Given a substring “s” and a string “str”, write an algorithm to find the first occurrence of “s” in “str”.

At first glance, this looks like an easy question. In fact it’s so easy that this can be done in one line using Python’s string find function. However, once you clarify the implicit expectations with the interviewer, you find that, 1) You are not allowed to use any library functions such as Python’s string find, 2) the algorithm must be efficient, and 3) the function returns the index of the first occurrence of s in str or -1 otherwise. These are all simple and fair requirements.

What is a substring anyways?

A substring of a string is another string that occurs in that string. For example, the string “together”, “to” is a substring of “together”. “get” is another substring of “together”. Another example is “foot” and “football”. “foot” is a substring of “football”.

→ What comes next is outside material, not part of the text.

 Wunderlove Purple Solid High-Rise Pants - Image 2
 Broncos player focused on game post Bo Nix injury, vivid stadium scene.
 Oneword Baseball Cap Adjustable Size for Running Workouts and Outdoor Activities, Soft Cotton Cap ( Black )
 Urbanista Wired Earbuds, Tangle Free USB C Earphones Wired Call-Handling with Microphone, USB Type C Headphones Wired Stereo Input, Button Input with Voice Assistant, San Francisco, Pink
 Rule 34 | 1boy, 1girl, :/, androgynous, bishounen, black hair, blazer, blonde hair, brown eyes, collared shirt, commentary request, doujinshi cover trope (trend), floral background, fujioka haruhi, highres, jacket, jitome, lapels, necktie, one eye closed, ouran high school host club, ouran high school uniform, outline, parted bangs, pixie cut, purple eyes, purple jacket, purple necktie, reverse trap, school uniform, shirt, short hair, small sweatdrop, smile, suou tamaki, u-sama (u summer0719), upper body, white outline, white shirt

Feeling pressured by the interviewer watching over me and the pressure of limited time, having not seen this problem before, I quickly devised and implemented a brute-force algorithm that uses two nested loops. The first loop would iterate through str and the second loop checks if s is in str starting from that position of str. I tested the function and it worked as expected. The time complexity for this algorithm is O(n^2). The interviewer asked for a more efficient algorithm. I could not think of any other algorithms at the top of my head, and needless to say, I did not move to the next round.

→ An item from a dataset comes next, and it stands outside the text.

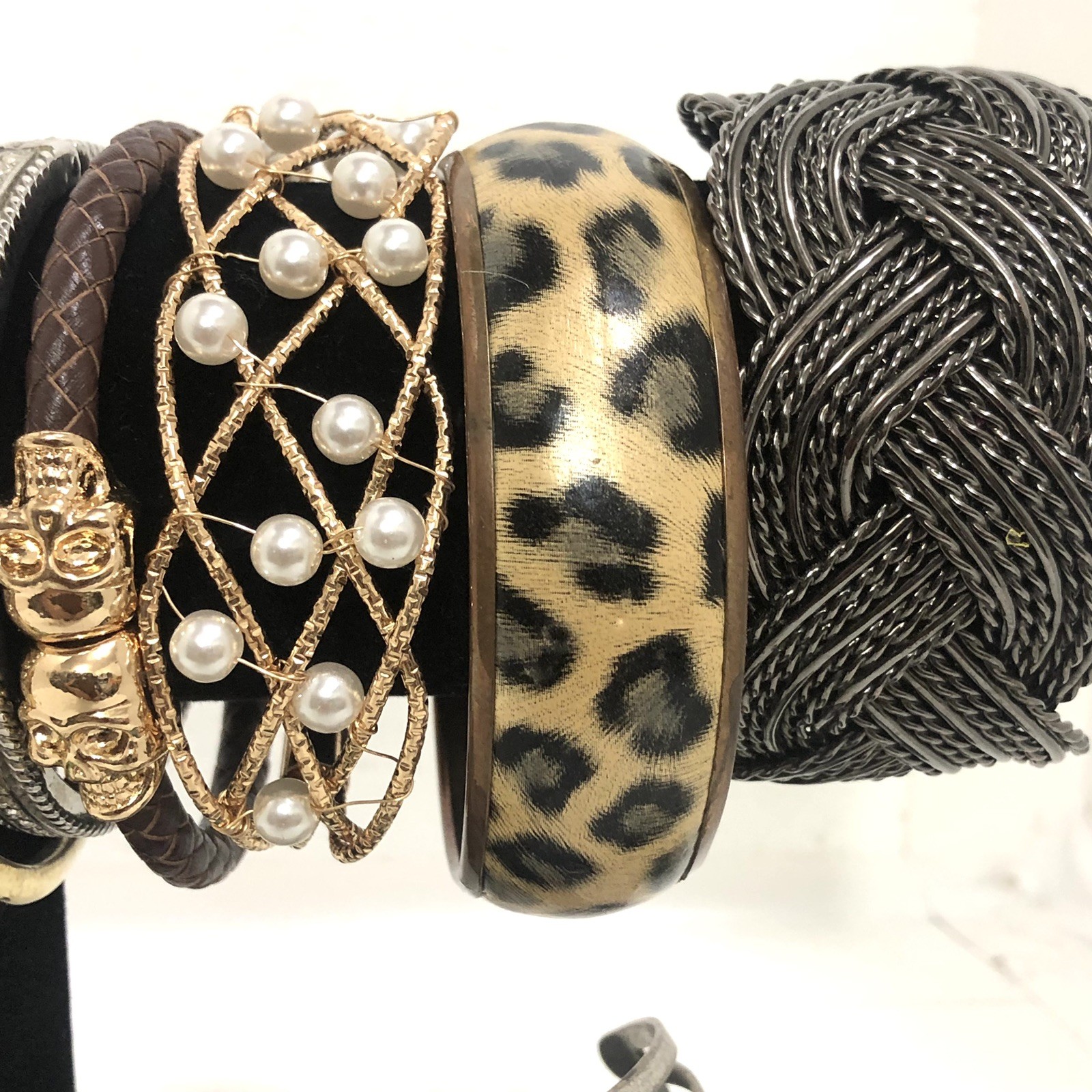 Vintage 17 Piece Lot Mixed Size Material Metal Cuff Bangle Bracelets Rhinestone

After the interview, Googling this question, I found that there a few algorithms that solve exact problem. I assume the interviewer was expecting an answer using one of those algorithms, and I did not provide one, so I did not move to the next round. Anyways, one of those string searching algorithms is called the Rabin-Karp algorithm. This is an elegant algorithm that is very easy to understand.

What is Rabin-Karp Algorithm

Simply stated, the Rabin-Karp algorithm generates a hash of the substring(pattern) and checks the rolling hash of the string for a match.

  • It is a string matching algorithm based on hashing
  • It calculates hash value for the substring, and for each M-characters of the string.
  • If the hash values are equal, then the algorithm compares the substring and M-characters of the string.
  • If the hash values are not equal, then it calculates the hash value (i.e. the rolling hash) of the next M-characters.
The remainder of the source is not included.